• [EXERCISE DESCRIPTION] Span requested from the data below: the line with "Indian Wells | Foto Gulliver/Getty Images" through the line with "ID-1347-ARN-82 Collins Course", both included. Give only these lines again, exactly, and leave every picture out.

• [DATA SUPPLIED]
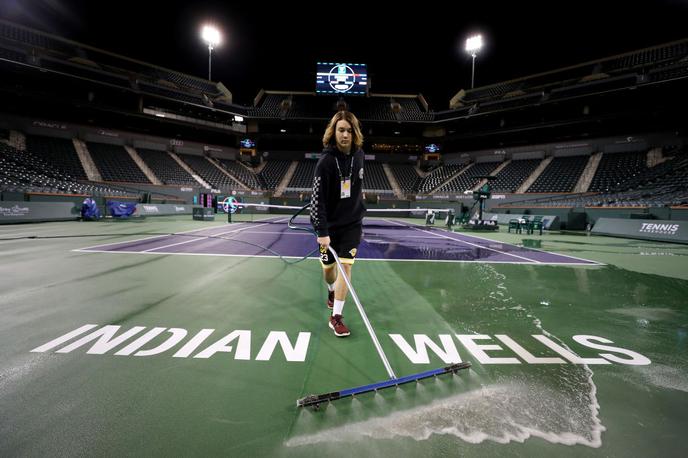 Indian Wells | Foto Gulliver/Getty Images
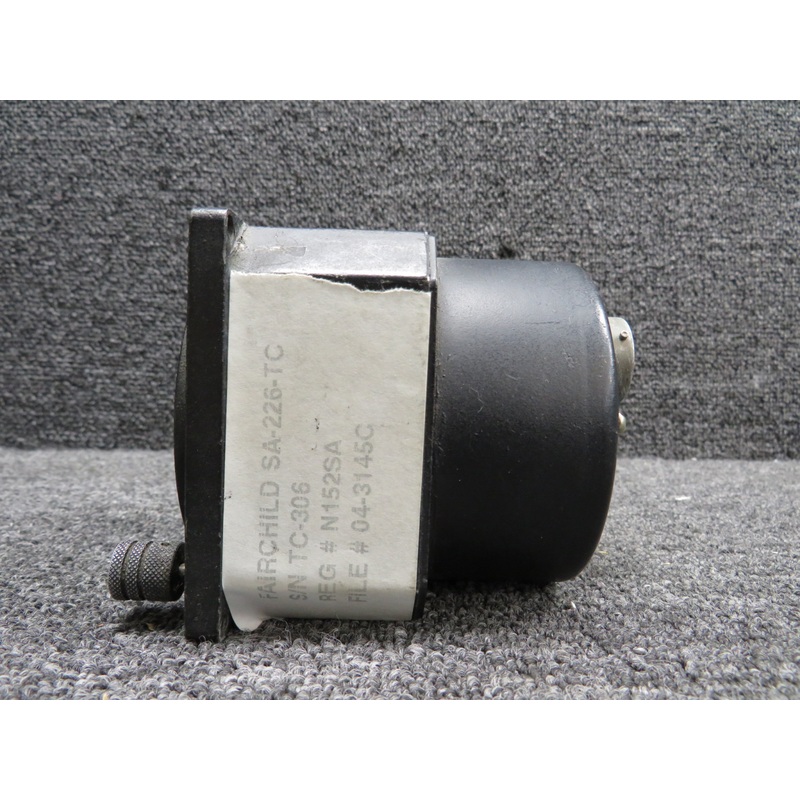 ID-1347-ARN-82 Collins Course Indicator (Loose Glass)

* * *

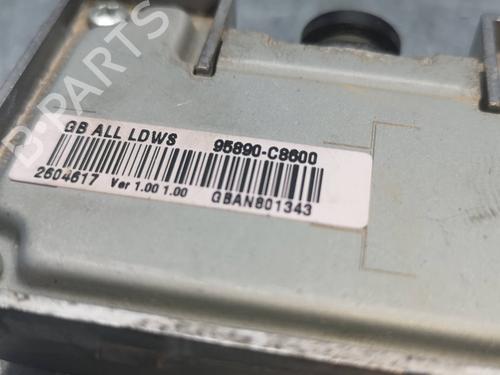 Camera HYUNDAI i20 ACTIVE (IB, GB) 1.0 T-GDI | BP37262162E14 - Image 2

• [ANSWER BOX]
 Indian Wells | Foto Gulliver/Getty Images
 ID-1347-ARN-82 Collins Course Indicator (Loose Glass)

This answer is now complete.